Conversion tables for the effective and actual surface charges were calculated for various ionic strengths. Since the effective surface charge would be obtained by fitting Poisson-Boltzmann approximation to measured double layer data, as is the common practice, these tables should be useful to experimentalists since they allow the actual amount of surface dissociation or ion binding to be determined. The practical implications of the saturation and reversal of the effective surface charge was also discussed, and it proved possible to relate these two unusual phenomena to changes in the structure of the double layer.
Foundations of Statistical Mechanics
The maximum entropy formulation of statistical mechanics is arguably the most satisfactory since it frees the discipline from the impediment of thermodynamics. Jaynes' original presentation makes it clear that one needs a density of states for an invariant measure of entropy, yet it seems that this observation has not been taken as seriously as it might have been. In the isobaric ensemble, (fluctuating volume, constant pressure), it becomes clear that one needs a density of volume states, if only to make the partition function dimensionless. The correct density is the a priori probability for a scale parameter, which in this case is the reciprocal of the volume. We have shown that this restores the consistency between the canonical and isobaric ensembles for the equation of state for an ideal gas and for hard-rods. The correction, which is negligable in the thermodynamic limit, is important for finite-sized simulations, for accurate equations of state, and for systems near criticality or the spinodal line.

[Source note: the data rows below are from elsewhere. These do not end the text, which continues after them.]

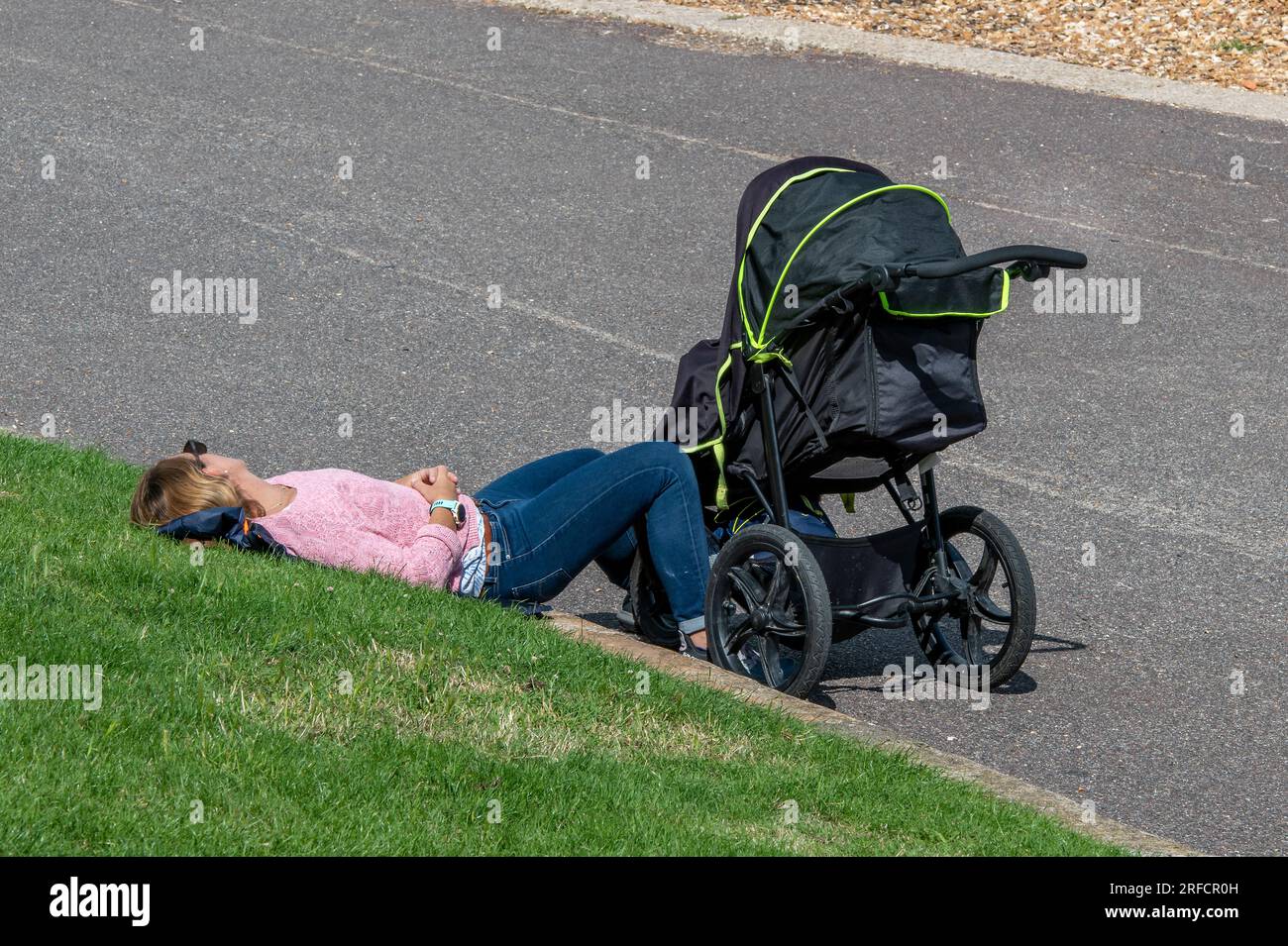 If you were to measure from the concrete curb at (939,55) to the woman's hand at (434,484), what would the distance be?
351 inches

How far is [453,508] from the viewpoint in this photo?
554 cm

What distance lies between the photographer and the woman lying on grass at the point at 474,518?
5328 mm

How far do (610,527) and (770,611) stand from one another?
0.67 m

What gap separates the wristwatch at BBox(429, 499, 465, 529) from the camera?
5.52 meters

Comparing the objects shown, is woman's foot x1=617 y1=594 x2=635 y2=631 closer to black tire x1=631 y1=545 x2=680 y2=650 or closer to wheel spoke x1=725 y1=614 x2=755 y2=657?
black tire x1=631 y1=545 x2=680 y2=650

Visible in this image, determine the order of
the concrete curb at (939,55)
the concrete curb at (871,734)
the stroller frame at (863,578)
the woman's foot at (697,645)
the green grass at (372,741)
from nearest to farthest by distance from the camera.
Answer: the green grass at (372,741)
the concrete curb at (871,734)
the stroller frame at (863,578)
the woman's foot at (697,645)
the concrete curb at (939,55)

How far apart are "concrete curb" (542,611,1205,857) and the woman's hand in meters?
0.56

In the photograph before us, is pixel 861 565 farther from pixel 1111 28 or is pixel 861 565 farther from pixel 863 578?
pixel 1111 28

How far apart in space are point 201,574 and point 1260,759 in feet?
11.2

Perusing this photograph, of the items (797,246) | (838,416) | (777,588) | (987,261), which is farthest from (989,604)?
(797,246)

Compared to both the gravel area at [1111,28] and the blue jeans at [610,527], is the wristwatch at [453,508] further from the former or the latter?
the gravel area at [1111,28]

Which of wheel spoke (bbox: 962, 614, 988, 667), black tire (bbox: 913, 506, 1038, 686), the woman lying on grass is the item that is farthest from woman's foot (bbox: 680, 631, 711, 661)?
wheel spoke (bbox: 962, 614, 988, 667)

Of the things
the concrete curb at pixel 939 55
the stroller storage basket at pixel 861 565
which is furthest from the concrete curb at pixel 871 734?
the concrete curb at pixel 939 55

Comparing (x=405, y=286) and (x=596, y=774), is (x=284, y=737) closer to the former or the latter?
(x=596, y=774) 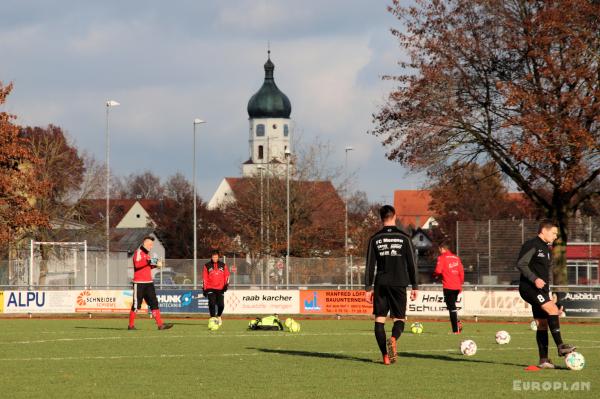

Together with Dan Gordon, we have developed a computer model of the interaction of real atoms with evanescent light. The major innovation is the incorporation of real atomic level structures. We have been able to quantitatively model observations of dopplerons (ANU experiment) and of atom diffraction (Bonn experiment). This work is reported in D. Gordon's Honours thesis "Multi-level evanescent wave atom optics".
We have investigated the effect of environmental decoherence on quantum reflection of wave packets by potential wells. This is relevant to the reflection of wave packets by potential at surfaces. This work is in progress and reported by Glenn Moy.
In collaboration with Kylie Catchpole, Neil Manson and other members of the solid state spectroscopy group in the Laser Physics Center we have studied multiphoton transitions between atomic dressed states. Excellent agreement between numerical solutions of the Bloch equations and experimental absorption spectra was obtained. This work is reported in the Honours thesis of K. Catchpole, "Probe absorption spectra of a three-level system with two strong fields".